## Source material
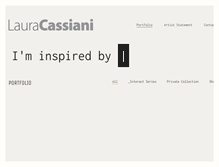 Tablet Screenshot of lauracassiani.com
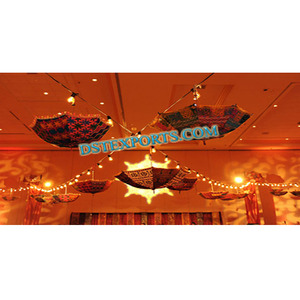 Parapluie décoratif pour mariage, style indien, rétro, cm - Product Image 1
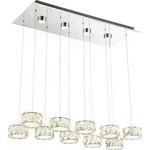 Globo - H&auml;ngeleuchte - Amur - Chrome - Metall - Gro&szlig;e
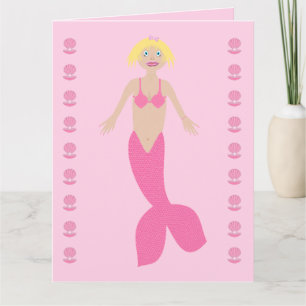 Tarjeta Bonito Fantasía Rosa Sirvienta Personalizado Cumpl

## What is expected
An exact copy is needed of the lines running from the one with "Parapluie décoratif pour" through the end of the data above, and of those lines only, without pictures.

## Response
 Parapluie décoratif pour mariage, style indien, rétro, cm - Product Image 1
 Globo - H&auml;ngeleuchte - Amur - Chrome - Metall - Gro&szlig;e
 Tarjeta Bonito Fantasía Rosa Sirvienta Personalizado Cumpl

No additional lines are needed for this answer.